Students take part in a protest to denounce an offer by President Abdelaziz Bouteflika to run in elections next month but not to serve a full term if re-elected, in Algiers, Algeria March 5, 2019. (photo credit: RAMZI BOUDINA/REUTERS)
Students take part in a protest to denounce an offer by President Abdelaziz Bouteflika to run in elections next month but not to serve a full term if re-elected, in Algiers, Algeria March 5, 2019.
(photo credit: RAMZI BOUDINA/REUTERS)
Algerian president Abdelaziz Bouteflika’s announcement to run for a fifth term was no surprise. Few, however, expected the mass backlash. After all, during the Arab Spring the Algerians seemed effectively silenced. So much so, in fact, that in 2014, a year after Bouteflika suffered a stroke that left him impotent and ineffective, they re-elected him. Yet now, Algerians defiantly took to the streets, refusing a picture-frame as president.

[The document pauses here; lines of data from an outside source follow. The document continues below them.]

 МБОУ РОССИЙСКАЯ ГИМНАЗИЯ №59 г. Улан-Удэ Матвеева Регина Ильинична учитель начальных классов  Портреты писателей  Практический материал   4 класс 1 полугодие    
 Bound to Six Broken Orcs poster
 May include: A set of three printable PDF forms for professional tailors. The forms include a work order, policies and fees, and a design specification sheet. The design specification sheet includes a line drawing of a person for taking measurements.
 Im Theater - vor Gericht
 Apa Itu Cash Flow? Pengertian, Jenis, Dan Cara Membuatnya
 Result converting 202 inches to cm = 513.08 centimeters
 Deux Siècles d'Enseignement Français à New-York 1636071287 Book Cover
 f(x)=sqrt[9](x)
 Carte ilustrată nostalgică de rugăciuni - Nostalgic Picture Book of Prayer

After four weeks of protests, Bouteflika dropped his bid for a fifth term – attempting to curb the popular rise, but giving hope for a more profound change, perhaps a revolution. What can we learn from the Algerian uprising, and what have Algerians themselves learned?
The fear factor
In the twilight of winter, Algeria reminds us of the promise of the Arab Spring – and the worth of intellectual humility. Eight years have passed since Mohamed Bouazizi, a young Tunisian street vendor, set himself on fire, kindling, in his dark despair, the hopes of millions. But not, supposedly, those of the Algerians’.
Academically, both the 2011 Arab Spring and the 2019 Algerian uprising make little sense. For decades before 2011, experts on the region had dwelled so much on the robustness of Arab authoritarianism, that the early winds of change went largely unnoticed. Then, when the dust settled and Algeria remained the only Arab “republic” not taken by the storm, we, in media and academia alike, quickly turned to its bloody 1990s civil war to explain how this supposedly post-traumatic society would not dare risk instability again, certainly not after witnessing the frightful state of most of the Arab Spring’s offspring. We emphasized the Algerians’ need for security and stability over their will for change and political autonomy.

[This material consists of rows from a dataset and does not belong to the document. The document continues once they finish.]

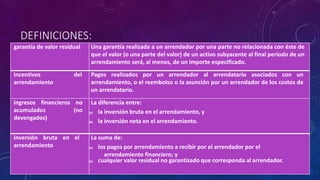 DEFINICIONES:
garantía de valor residual Una garantía realizada a un arrendador por una parte no relacionada con éste de
que el valor (o una parte del valor) de un activo subyacente al final periodo de un
arrendamiento será, al menos, de un importe especificado.
incentivos del
arrendamiento
Pagos realizados por un arrendador al arrendatario asociados con un
arrendamiento, o el reembolso o la asunción por un arrendador de los costos de
un arrendatario.
ingresos financieros no
acumulados (no
devengados)
La diferencia entre:
(a) la inversión bruta en el arrendamiento, y
(b) la inversión neta en el arrendamiento.
inversión bruta en el
arrendamiento
La suma de:
(a) los pagos por arrendamiento a recibir por el arrendador por el
arrendamiento financiero; y
(a) cualquier valor residual no garantizado que corresponda al arrendador.
 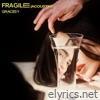 Fragile (Acoustic) - EP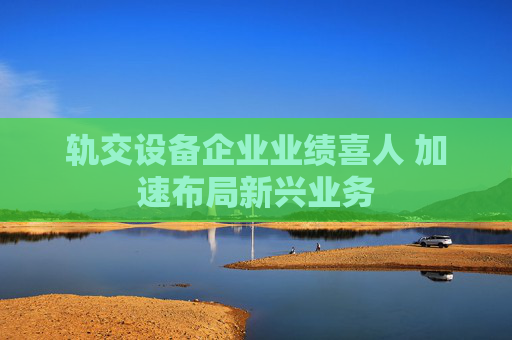 轨交设备企业业绩喜人 加速布局新兴业务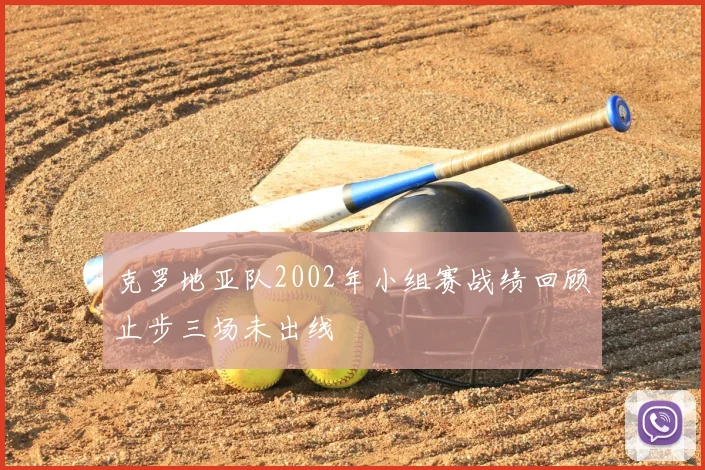 克罗地亚队2002年小组赛战绩回顾止步三场未出线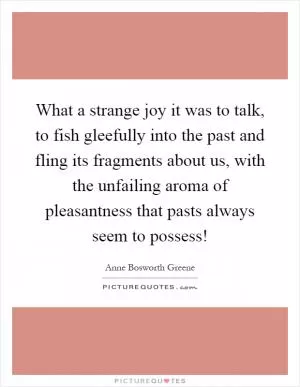 What a strange joy it was to talk, to fish gleefully into the past and fling its fragments about us, with the unfailing aroma of pleasantness that pasts always seem to possess! Picture Quote #1
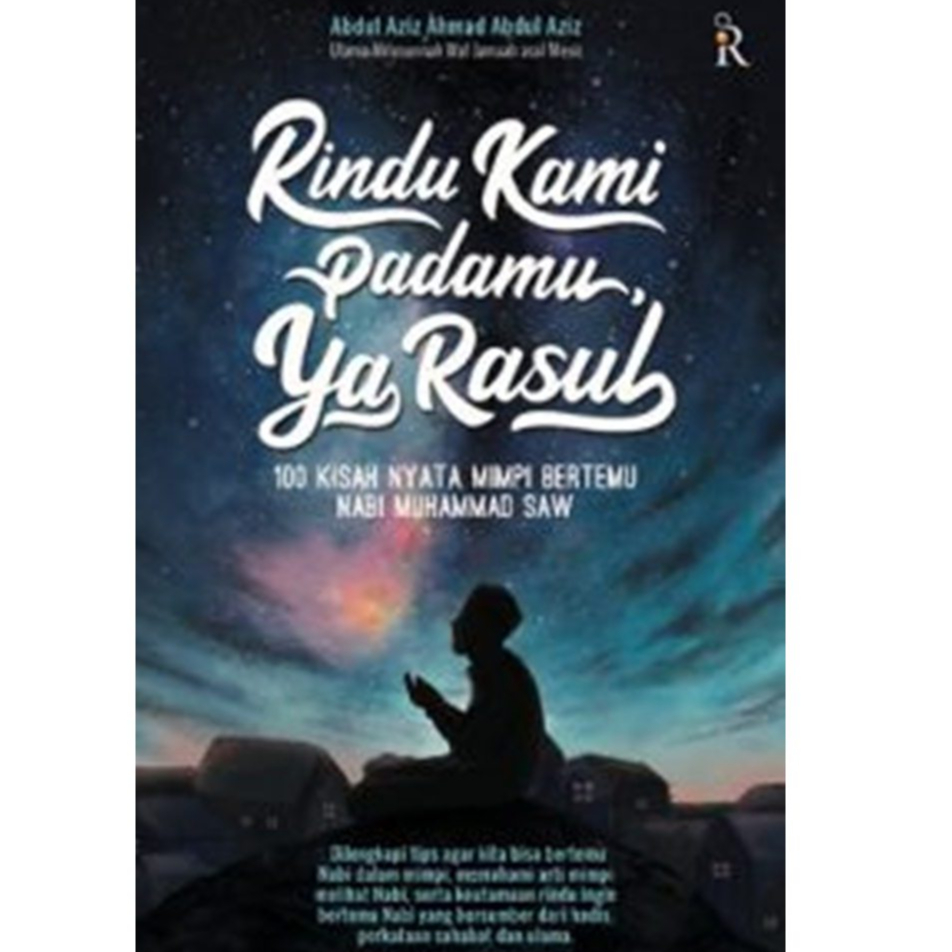 RINDU KAMI PADAMU YA RASUL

This narrative was tempting, and, as hundreds of thousands of Algerians have now proved – false. True enough, fear always plays a role in human and political affairs, triggering the familiar triad reaction of flight-fight-freeze. But while Algerians, as others, have had their share of flight and freeze, the possibility to think – and fight fear – has never disappeared, and has now surfaced.
Whether fear has been defeated, or not, the Algerian rise has reaffirmed the politics of freedom: humans always have the choice to imagine, and pursue, a better social life. And as has often been the case, it was the courage, or recklessness, of the young generation that pioneered the move. The youth may be silenced, but is never truly silent; still, to “sing” the chants of protests requires a leap of political faith, and freedom. What could make people risk their lives to make them better, “suddenly” daring to hope?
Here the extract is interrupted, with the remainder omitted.